# Canadian Hitchhiking Laws



## Rover

Hey, here is a link to the hitchhiking section of "fight your tickets".ca. it looks like the page hasn't been updated since Jan 2010, but the site is still active, and the hitchhiking page has links to the applicable government websites, and they're about as current as you would need.

http://fightyourtickets.ca/hitchhiking/


----------



## kerouac

damn, i never realized it's so illegal in canada! i've hitched a bunch in almost every province an never caught a fine. got stopped by the cops walking along the trans-canada in new brunswick once and i straight up told the cop i was headed to an on-ramp to hitch and he let me carry on, but not before running my name for warrants. 
i'm planning a trip to newfoundland but seeing that the minimum penalty is a day in jail is freaking me out! 
i'd be curious to hear if any fellow canadians have ever been fined or worse for hitchhiking here...


----------



## CosmicBrothaCam

And you know what they say about Canadian jail....


----------



## Kal

Interesting


----------



## Vickah

kerouac said:


> damn, i never realized it's so illegal in canada! i've hitched a bunch in almost every province an never caught a fine. got stopped by the cops walking along the trans-canada in new brunswick once and i straight up told the cop i was headed to an on-ramp to hitch and he let me carry on, but not before running my name for warrants.
> i'm planning a trip to newfoundland but seeing that the minimum penalty is a day in jail is freaking me out!
> i'd be curious to hear if any fellow canadians have ever been fined or worse for hitchhiking here...



I live in Newfoundland, the cops don't do a thing to travellers.


----------



## c4s3

I've been hassled outside of Surrey for walking down the highway, he just drove me to the skytrain station.
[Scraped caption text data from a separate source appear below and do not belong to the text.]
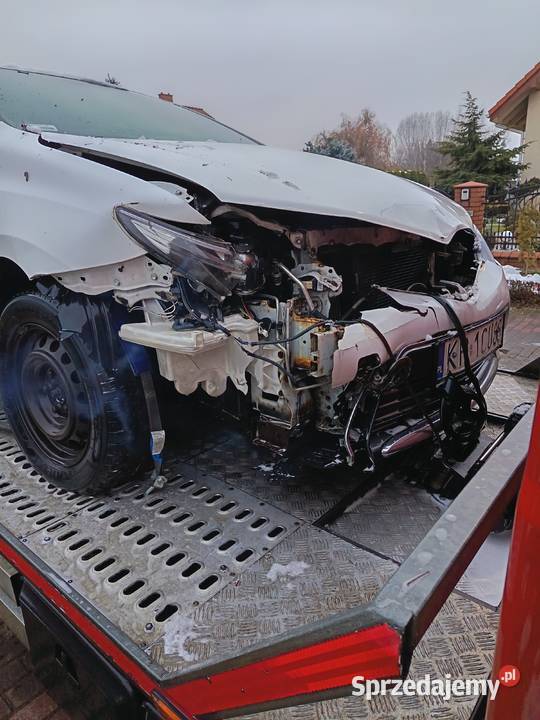 Sprzedam toyote auris214 dizel uszkodzonom manualna Konin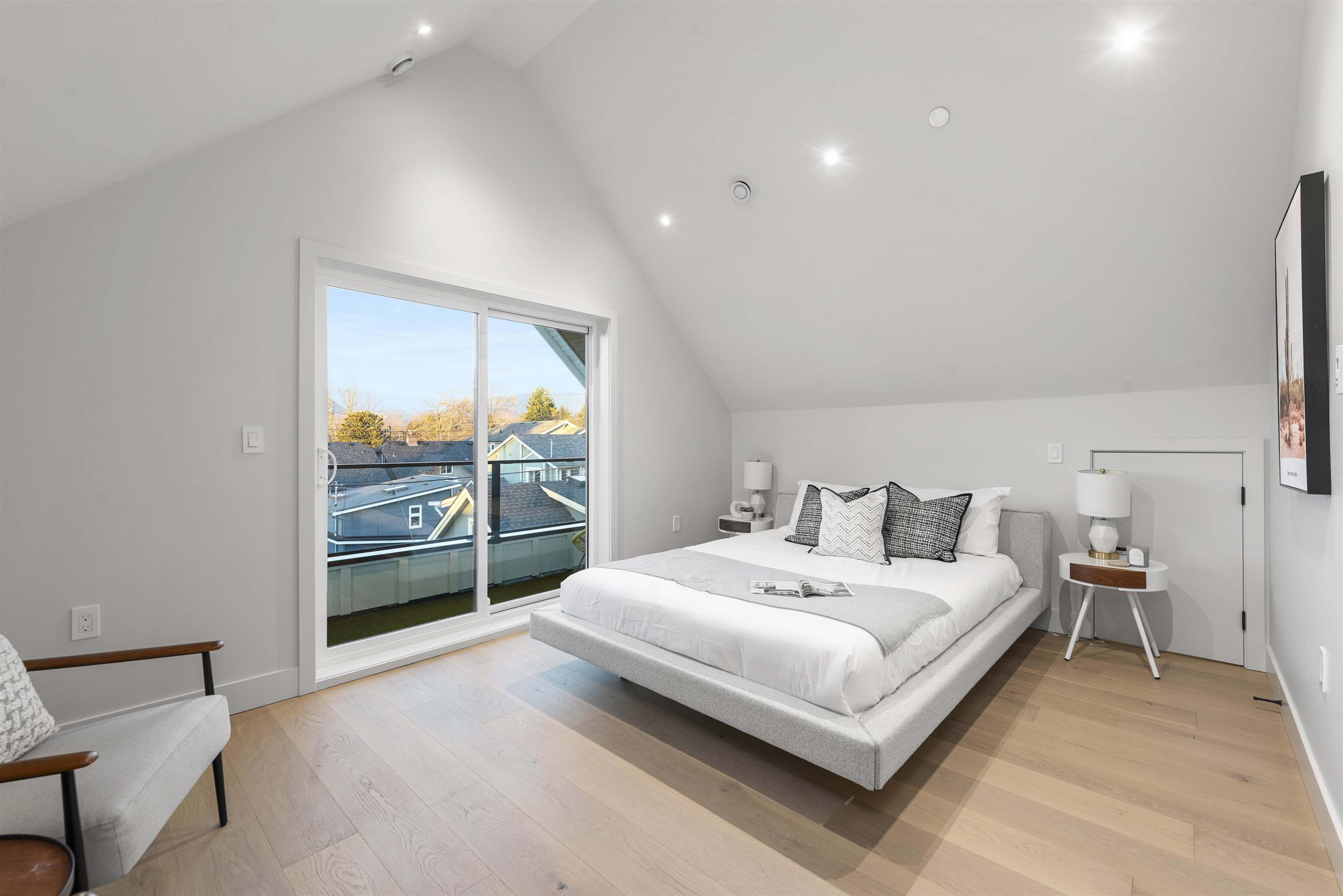2467 Triumph Street, Vancouver 9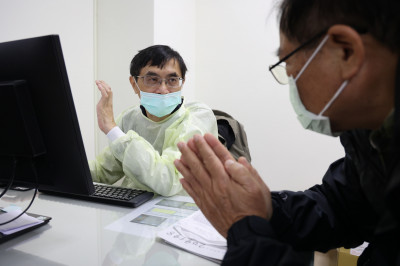 花蓮慈院支援長濱衛所 醫師來回200公里打擊肝病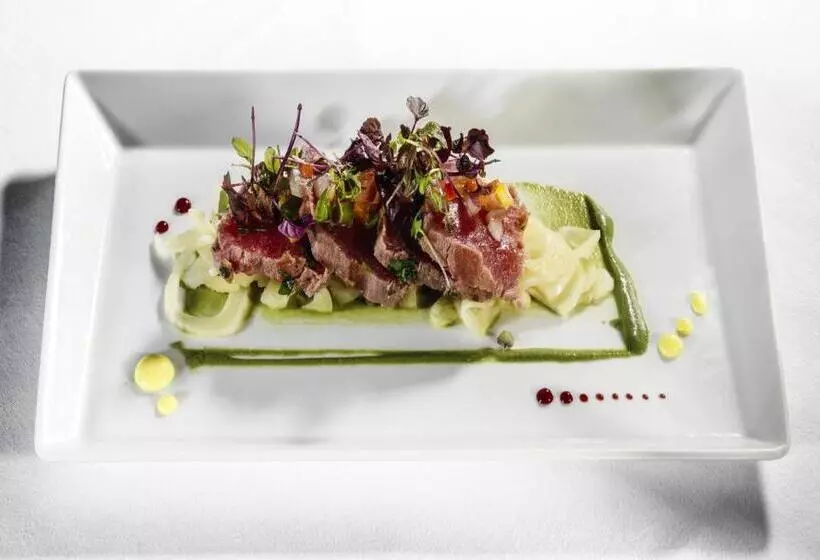 فندق Druids Glen Resort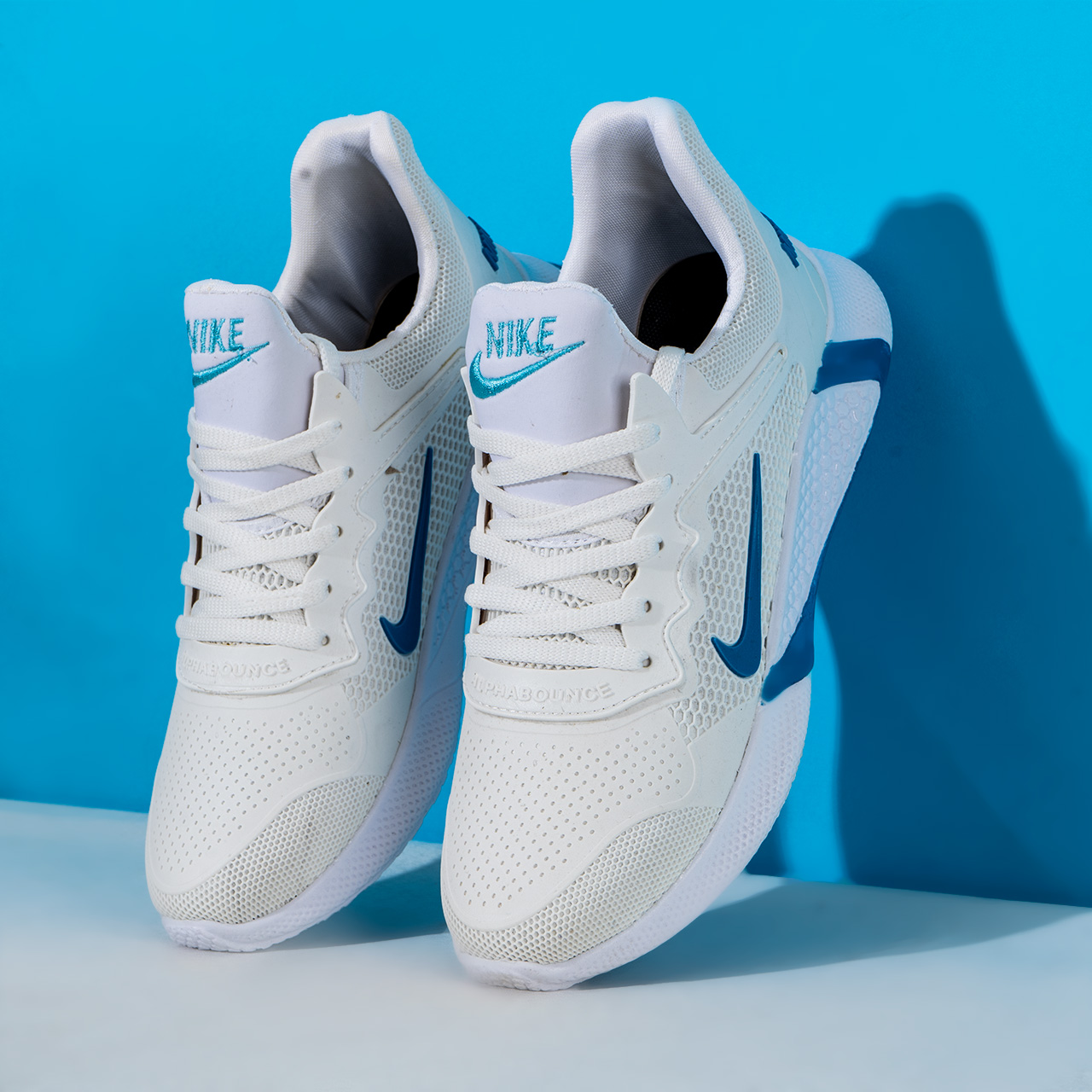 کفش ورزشی نایک مردانه سفید آبی مدل Alpha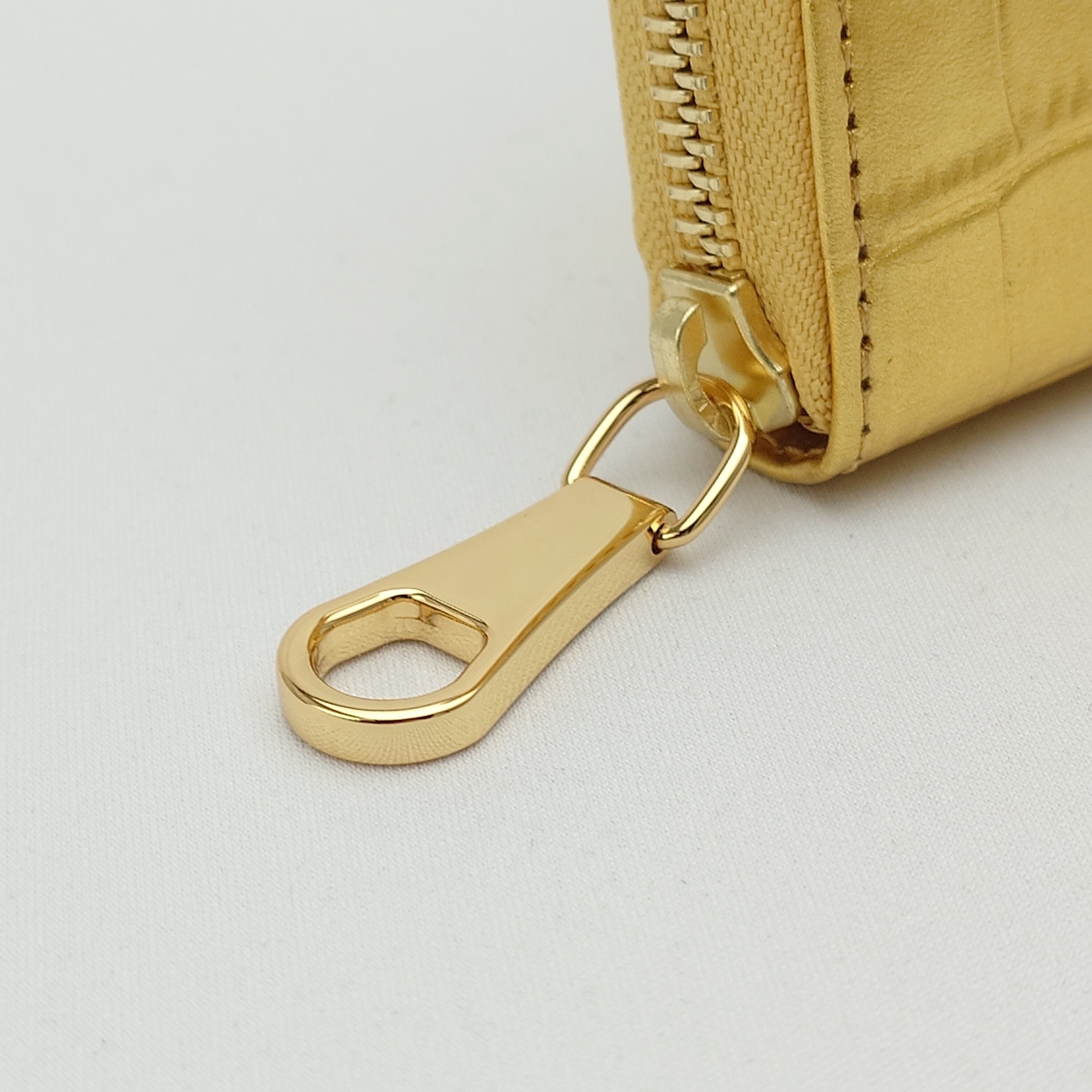 ラウンド長財布（A）金箔クロコダイル柄 ／ ゴールド財布 | EARSH GOLD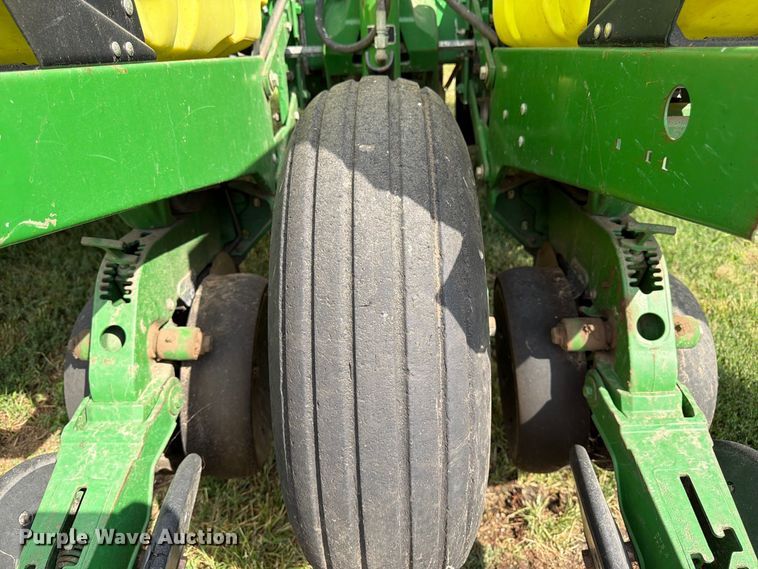 image for item FK3441 2010 John Deere 1760 planter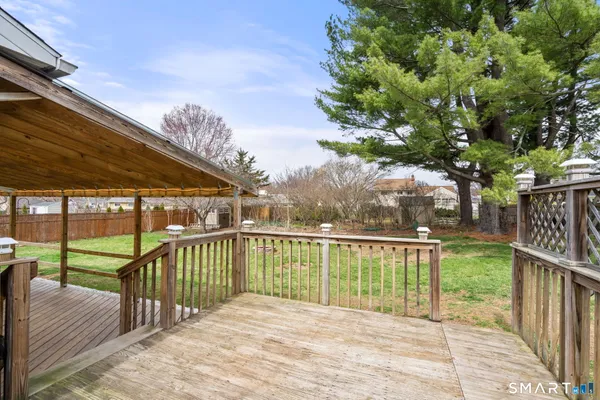 $289,900 | 215 Monroe Street, East Hartford, CT 06118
Most of the times I've been hassled it was the fucking OPP, Ontario has anti-hitchhiking laws, so if the cop is a dick he can ticket you, etc. On the other hand I was hitchin outside of Wawa this summer and a cop pulled over to see if I was hungry, ended up giving me some trailmix and gave me some fresh water. 

All depends I guess, if I'm having a hard time I tend to talk a lot of shit to the cops, being all sarcastic and stuff so that adds to the tickets I'm sure. Also, the coquihalla in BC has no hitchiking signs every ten fucking minutes, but you can still get picked up easily. I think it starts after kamloops or around there.


----------



## Chetwynd Surprise

Haha Wawa is a hitchin' trap, it takes a while to get rides between the soo and Thunder Bay. I've been hitchin close to 15 years in Canada and seems have been smooth. the only things I got stopped for was not hitchin ona turn pike and another time for not having ID and 150$ (Ontario law). If your hitchin across Canada I wouldn't be worried, it's coming back strong, and pigs are cool if you don't fuck with them


----------



## HitchTube

I've hitchhiked across Canada and the Police never gave me trouble in Any province
https://www.youtube.com/playlist?list=PLKvXdnK3gVW3Ur-knQQvKCSNOaBZ4nbgp


----------



## WanderLost Radical

I don't now much about the rest of canada, but in Quebec, hitchhiking is fine unless you're on the highway. Then the cops WILL fuck with you. They might just tell you to fuck of if they're feeling nice, or fine you.


----------



## c4s3

I think its a 60 dollar ticket for hitching if the cops at dick, at least that was what it was outside Sudbury.


----------



## Matt Derrick

added the 'resources' prefix to this thread since other users might find this info useful.


----------



## wizehop

Never been fined for hitching, but have had run ins with the cops a lot over the years. Mostly just for hitching in the city, or on major highways. But sometimes its your only choice, so you leave and come back later and hope you get a ride before they come back around.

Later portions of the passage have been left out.